Mungkinkah bisa jadi sebuah kesaksian lengkap kalau kata-kata puisi itu amat pendek? Baiklah. Meski hanya pendek, bagaimana pun puisi itu jadi catatan lengkap dari sebuah peristiwa yang lengkap pula. Begini. Kalau tak salah, puisi itu lahir dari peristiwa unik yang dialami penyairnya. Pada 1954, di suatu sore, beberapa hari setelah idulfitri, Sitor hendak ber-halal-bil-halal ke rumah Pramoedya di Kober, Jakarta. Tetapi, karena tempatnya agak jauh, sampai di rumah Pram sudah malam, sepi, dan tidak ada orang.

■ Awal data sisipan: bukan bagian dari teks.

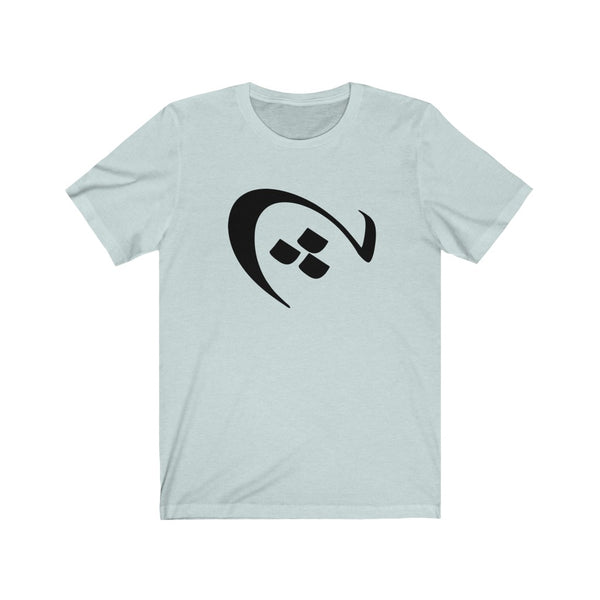 Women Jersey Short Sleeve Tee | Persian Alphabet "Che"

Karena itu, Sitor kecewa berat. Lalu pulang dia lewat jalan berselokan yang sepi, bau, gelap. Karena gelap, Sitor kesasar ke tempat yang penuh pohon tua, rimbun, dikelilingi tembok. Ketika itulah ia melihat bulan. Karena ingin tahu ada apa di balik tembok itu, Sitor lalu berdiri berjingkat di atas batu. Ternyata, yang dilihat hanya kuburan. Dan nisan-nisan di kuburan itu berwarna putih akibat tertimpa sinar bulan. Saat itulah dia terpesona, dan seolah tersihir. Akhirnya, kata-kata bulan dan kuburan itu terus-menerus teringat, dan jadilah sajak “Malam Lebaran”.

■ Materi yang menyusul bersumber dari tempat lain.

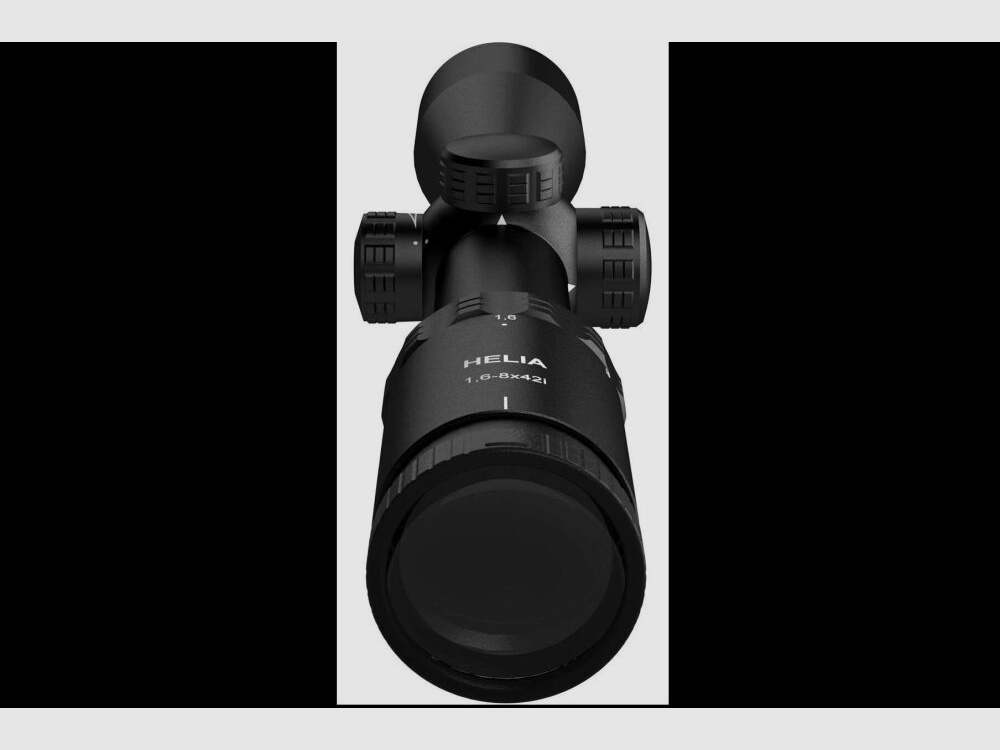 Kahles Kahles Zielfernrohr Helia 1.6-8x42i Abs. 4-Dot SR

Lalu apa tujuan sastrawan membuat catatan kesaksian atas peristiwa idulfitri? Soal tujuan, saya kira bisa beragam. Sebab setiap sastrawan punya persepsi berbeda-beda walau objek yang direkam sama. Tetapi, yang dapat dipastikan adalah umumnya mereka mengangkat peristiwa idulfitri sebagai upaya mendekatkan diri pada Tuhan. Sebab, idulfitri adalah peristiwa religius, peristiwa yang terkait masalah hubungan manusia dengan Tuhan. Dengan begitu, manusia akan lebih menyadari keterbatasannya sebagai makhluk, yang tak berarti apa-apa di hadapan Tuhan. Begitulah. Ini berkaitan erat dengan kata fitri yang artinya suci. Di hari raya idulfitri ini manusia kembali ke fitrahnya untuk mengawali dan menjalani hari-harinya di kemudian hari. Karena itu tak aneh jika penyair dan sastrawan mencoba mencatat dan mengabadikannya.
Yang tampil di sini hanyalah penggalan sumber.